__Exercise__
With the pictures omitted, repeat exactly the lines below starting with the line that has "Barra lateral superior" and going on through the line that has "Sodo suoliukas su".

(Web page caption snippets)
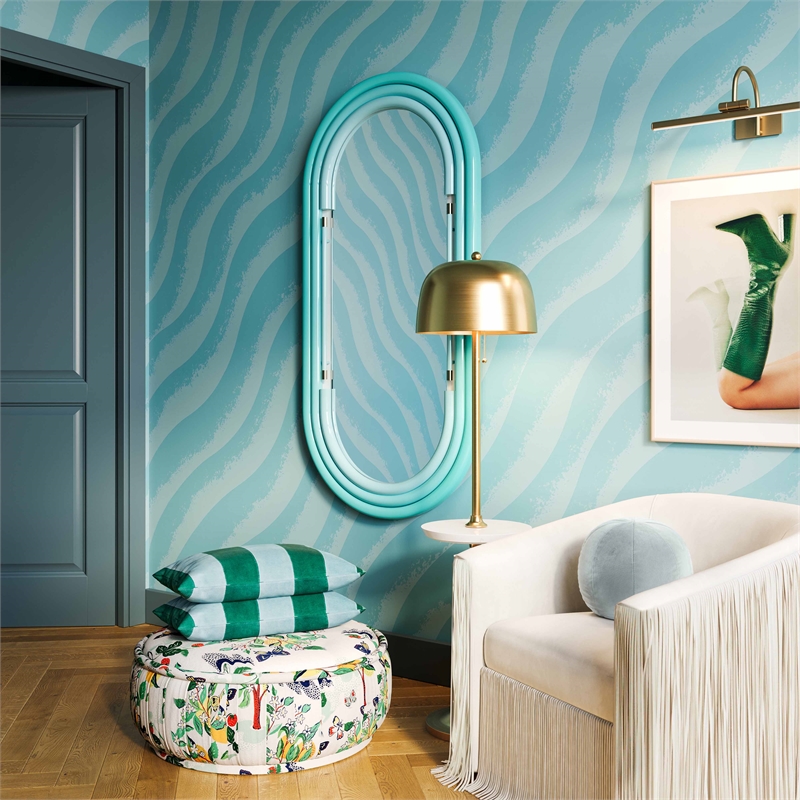 Pemberly Row Handmade Contemporary Neon Large Wall Mirror in Blue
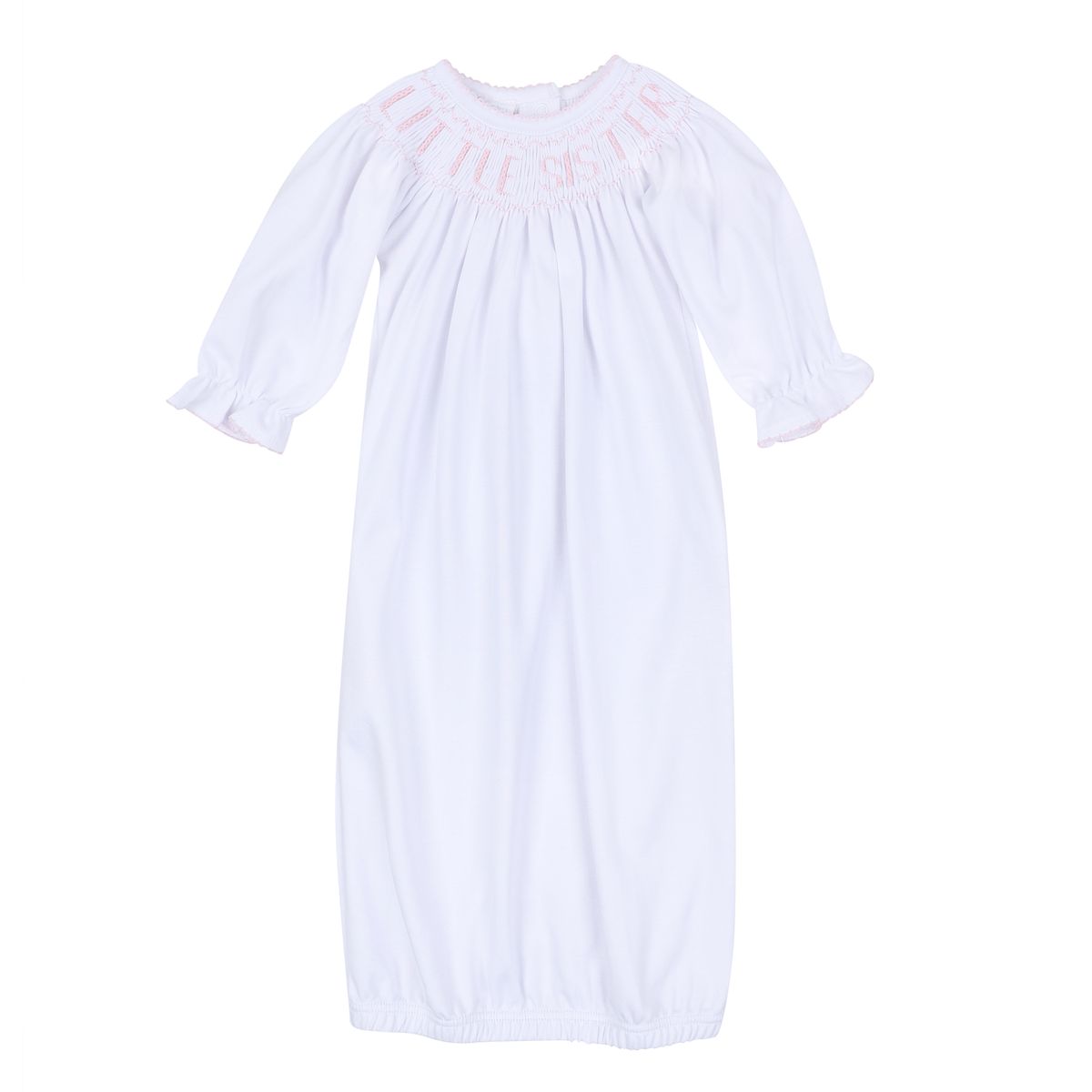 Pink Little Sister Bishop Gown by Magnolia Baby, soft fabric with delicate details, perfect for special occasions or photos.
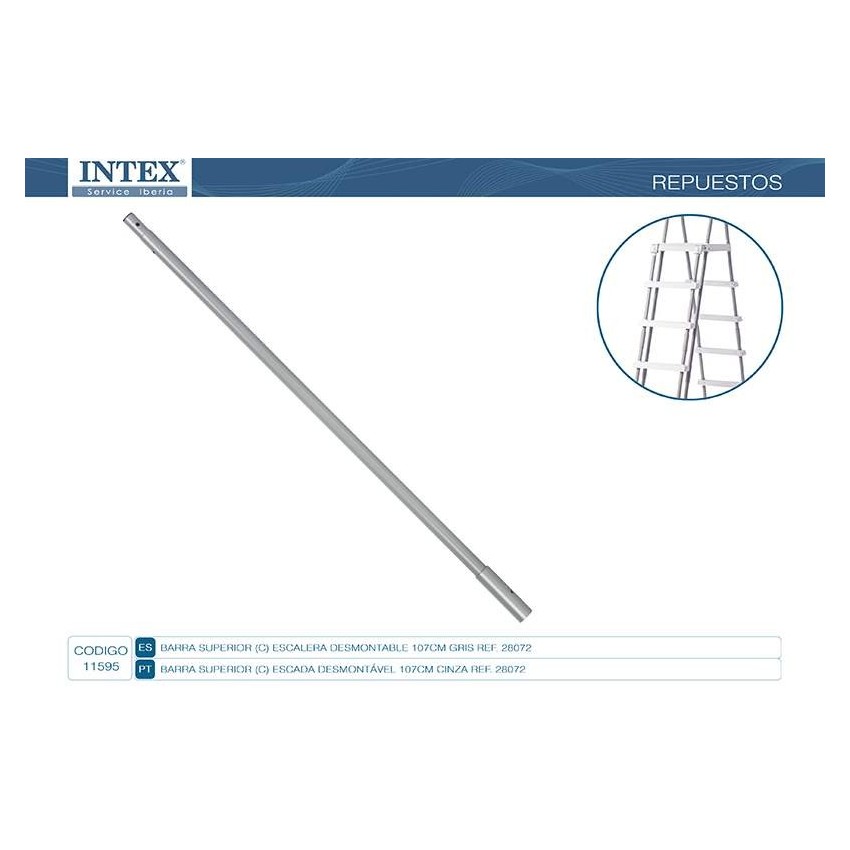 Barra lateral superior tipo "C" que forma um dos apoios da escada de 107cm de altura.                                           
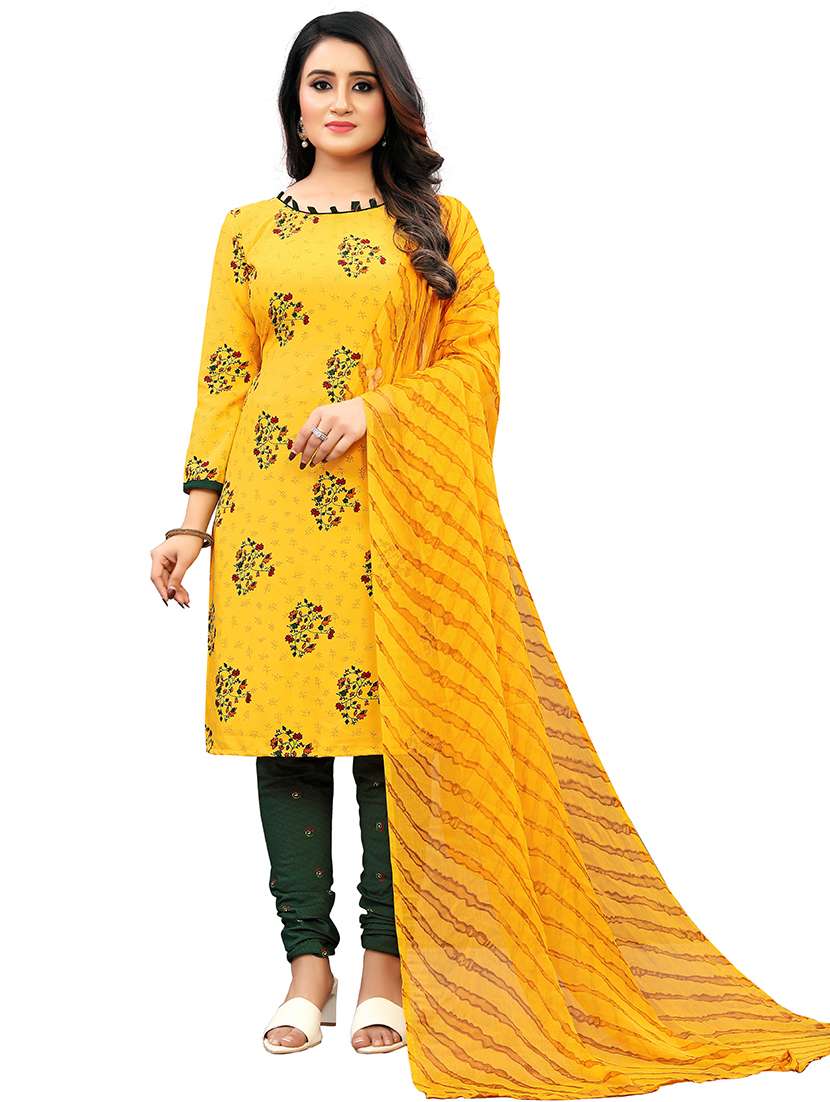women yellow unstitched suit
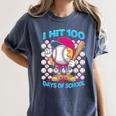 I Hit 100 Days Of School Baseball Ice Cream Drip Women's Comfort Colors T-Shirt Moss
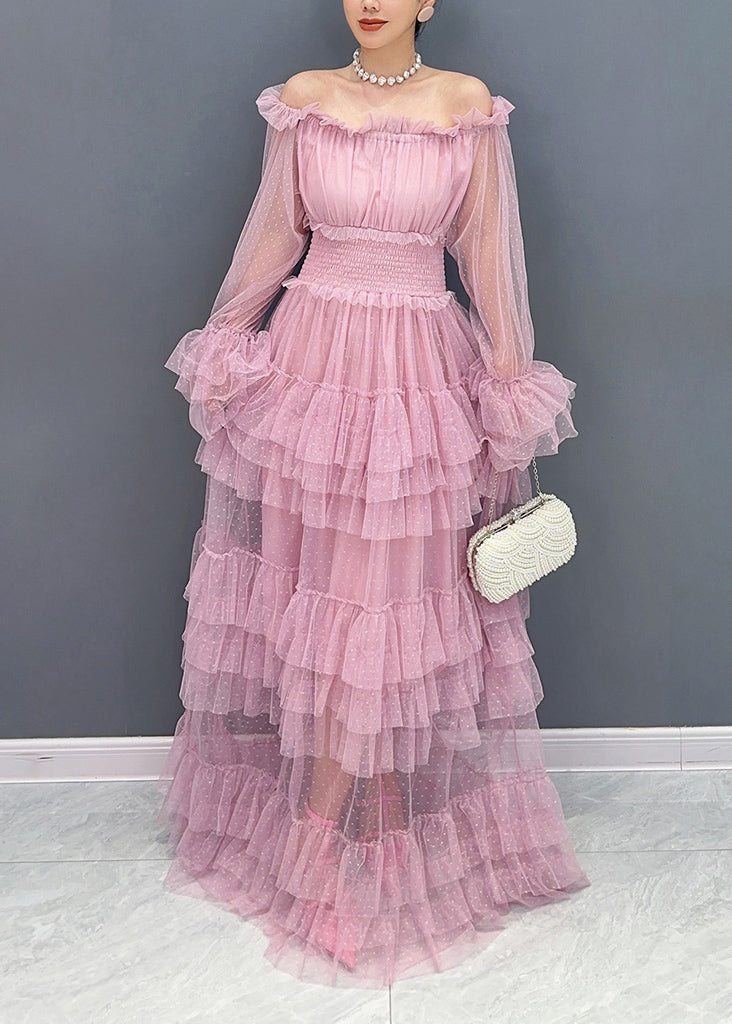 French Pink Slash Neck Ruffled Patchwork Tulle Dresses Long Sleeve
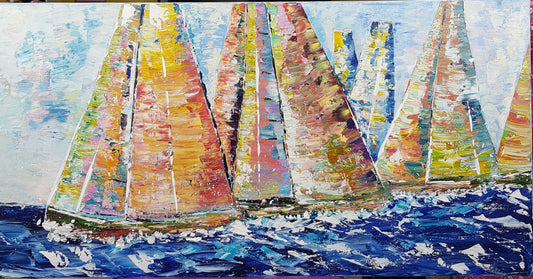 Le plaisir de naviguer | 40 x 80 cm | Acrylique aux couteaux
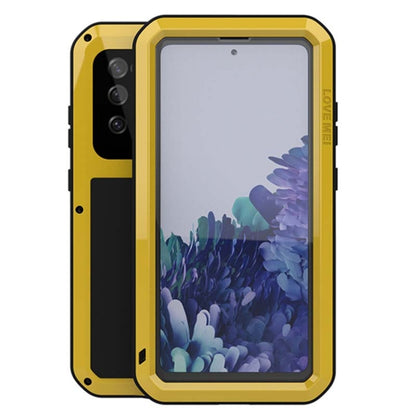 For Samsung Galaxy S20 FE LOVE MEI Metal Shockproof Waterproof Dustproof Protective Case with Glass(Yellow) - Galaxy S20 FE Cases by NILLKIN | Online Shopping South Africa | PMC Jewellery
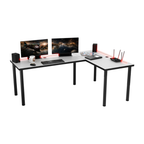 Bureau d'Angle Gaming Gamer Professionnel pour Ordinateur PC Bureau de Travail Blanc - Détails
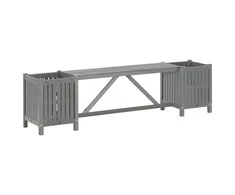 Sodo suoliukas su 2 vazonais, pilkas, 150cm, akacijos masyvas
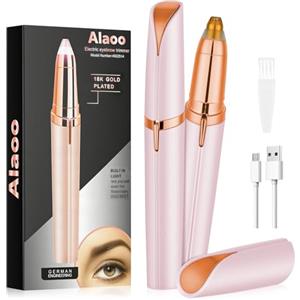 Alaoo Epilatore Viso Donna, Rasoio per Sopracciglia Indolore, Ricaricabile Rasoio per Viso e Sopracciglia, Per Sopracciglia, Labbra, Peli del Viso(Rosa)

__Result of this exercise__
 Barra lateral superior tipo "C" que forma um dos apoios da escada de 107cm de altura.                                           
women yellow unstitched suit
 I Hit 100 Days Of School Baseball Ice Cream Drip Women's Comfort Colors T-Shirt Moss
 French Pink Slash Neck Ruffled Patchwork Tulle Dresses Long Sleeve
 Le plaisir de naviguer | 40 x 80 cm | Acrylique aux couteaux
 For Samsung Galaxy S20 FE LOVE MEI Metal Shockproof Waterproof Dustproof Protective Case with Glass(Yellow) - Galaxy S20 FE Cases by NILLKIN | Online Shopping South Africa | PMC Jewellery
 Bureau d'Angle Gaming Gamer Professionnel pour Ordinateur PC Bureau de Travail Blanc - Détails
 Sodo suoliukas su 2 vazonais, pilkas, 150cm, akacijos masyvas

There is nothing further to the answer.